No, it is not dumb. Is it slightly risky? Sure. But so is getting in a car and driving somewhere. Should Trevor Lawrence walk everywhere from now on? Because there's risk in that, too. Lawrence is a 19-year-old college kid playing basketball. I don't see why we need to play the role of helicopter parents for kids that aren't ours. He's not free-climbing Yosemite's El Capitan. He's playing basketball with some other college kids. Dabo Swinney's response to this was the perfect response.

Essentially, who cares?

Since college football offenses are the ones that change the most, do you see the change being cyclical and ending up back under center with multiple fullbacks or do you think the shotgun spread is going to keep expanding year after year?

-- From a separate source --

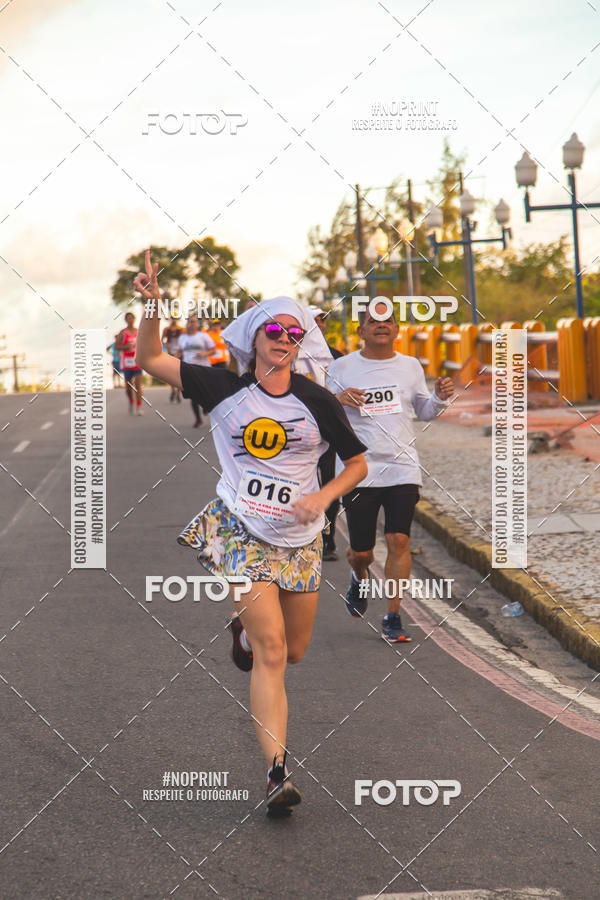 Buy your photos of the eventI CORRIDA E CAMINHADA PELA DOA��O DE SANGUE on Fotop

What's the next step for the spread offense? -- @benznasty13

I do think it's cyclical, and in football, everything old becomes new again at some point. I don't know how drastic the change will be, but I doubt it'll involve multiple fullbacks. The thing about "the spread offense" is that a "spread offense" doesn't really mean anything anymore. It's become a catch-all phrase to describe all sorts of different offenses.

The Air Raid is a type of spread offense, yet so is the power running offense that Rich Rodriguez ran for so many years at West Virginia, Michigan and Arizona. Not all spreads are created equal, even if the general populace gives them the same moniker.

As for how things will change, I'm contrarian by nature, so my natural reaction would be to zig while everyone zags. The way defenses are being put together and designed have changed a lot to counteract the various types of spread offenses we see. We may reach the point where defenses aren't equipped to stop the ancient "three yards and a could of dust" style of offenses that used to be prevalent, and some coach could suddenly find himself having quite a bit of success playing that style. Much like coaches found themselves having success spreading defenses built to stop the battering ram offenses out.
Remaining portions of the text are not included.